寵愛よ、捧げリーベスネスト

「今日からは私たちが家族よ。よろしくね」

 中学生のともあきは嘆いていた。
 彼はアナボリックステロイドを知る博識な子供だが、家族というものには耐性がなかったのだ。

 加えて母となる女性・あきこは魅力的な女性であり、父となる男・ゆうきはイケメンで金持ち。

「お前はもう何も心配しなくていい。全部俺が金出してやるからな」

 逆立った黎髪を優しくなでるゆうき。ともあきは父性の浸食に抗えず視床下部を乱し感情を炸裂していく。

「父上ぇ……ッ!!」

 あきこも聖母マリアの如き壮麗さでともあきを慈しみ愛を唄う。

「安心してともあき。私たちはどこにも行かないわ」

 抱きしめ合う寵愛のFESTIVAL。家族愛は今確定され充足理由律をオーバーライドする。最早彼らに宇宙論的証明はいらない。

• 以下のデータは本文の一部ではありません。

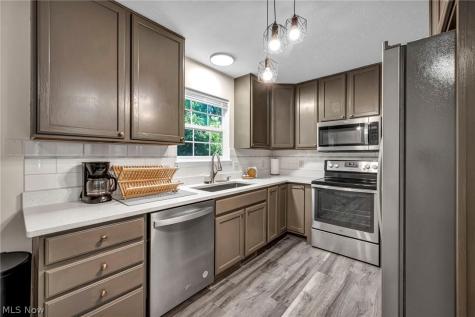 196 Olivet Avenue Akron OH 44319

「おうハニー。さぁ帰ろう。我らがMEIN ZUHAUSEへ!!」
「そうねハズバンド。それこそ家族愛よ」

 ともあきは二人に連れられ駐車場へ行くと、停めてあったフェラーリ・ローマの後席に乗せられる。プロサングエではない。

 隣に美少女がいた。

「私あかり。おともだちになりましょ」

 彼女はロリータファッションだったが、似合い過ぎて反吐が出る。

「緊張しちゃいます」

 産声をあげる赤子のように想い繋ぐ声の糸。

「きっと楽しくなるわ」

 あきこが優しく諭す。

「そうだぞ。お前を愛するのはこれからの未来だ」

 全てを開くハルモニアー。父と母の我が子への愛情を受けたともあきは、もう喋らない。

「感謝いたします」

 進む時の世界。流れるヨーデルの音。母は歌いあかりは手拍子、父はアクセルで空間を盛り上げる。ときめく夜闇の咆哮は誰も止められない。

 グレゴリオ聖歌は信号待ちを高貴なる祈りに変え、ブレーキ音を合図に落ち着くホーメイがバトンを受け取る。これはまさしく世界のファクター。全人が尊ぶべき神々の祝福。

「さぁ神へ感謝しましょう!」
「そうだな! 箱庭をスカビオサで満たそう!」

 二人の愛宴は終わらない。重なり続け不可視の演者は踊り続ける。
 
 だがそれも軈て終了する。

「……家についたぞともあき」

 父の声が聞こえた。

 まるで空から舞い降りたエンジェル。不安を払う、犇めきのSUNSHINE。

 「……ここは」

 ともあきは今日から彼らの息子だ。